The Williams Pantycelyn Memorial Chapel was built in 1886 to 1888 after a national appeal had raised £3000. It is built in the Gothic style from grey sandstone with dressings of green Quarella stone from Bridgend. The facade has three bays, pinnacled pilasters and windows with much tracery. The interior has a high hammer beam roof, an apse with a chancel arch. The pulpit is of Caen stone and is embellished with biblical scenes and pieces of text from Williams' work. The main window has fine stained glass depicting David, Isaiah, Miriam and Matthew, installed by Bell of Bristol in 1887.
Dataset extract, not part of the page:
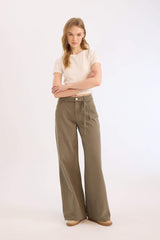 Wide Leg High Waist Gabardine Trousers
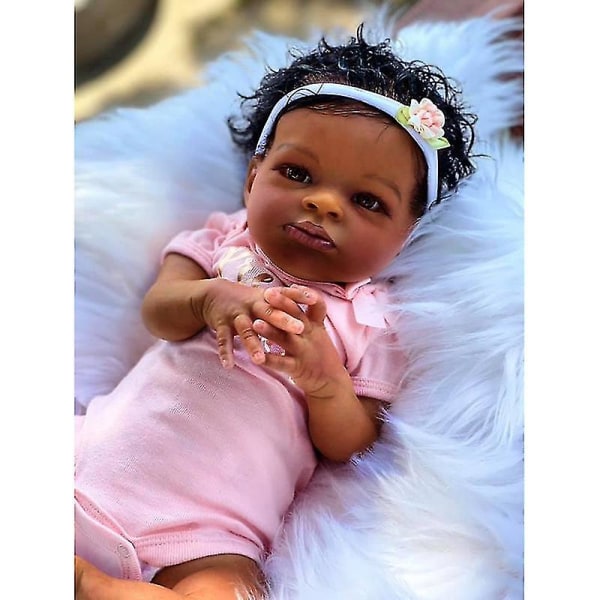 Npk 20-tums naturtrogen mörkbrun hud Reborn Baby Lanny Doll Real Baby Doll Art Made 3d Skin Naturligtvis Baby Collectible Doll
It was designated as a Grade II*-listed building on 2 January 2000, being a fine example of "an unusually elaborate Gothic chapel designed by a leading Cardiff architect. Fine interior with remarkable amount of figurative detail, including carved pulpit and stained glass. Of historical significance as a memorial to William Williams Pantycelyn, C18 preacher and hymnist".

The Royal Commission on the Ancient and Historical Monuments of Wales curates the archaeological, architectural and historic records for this chapel. These include digital photographs, a collection of old postcards, a Victorian Society South Wales Group Tour Guide, colour slides and items from the Rosser Collection.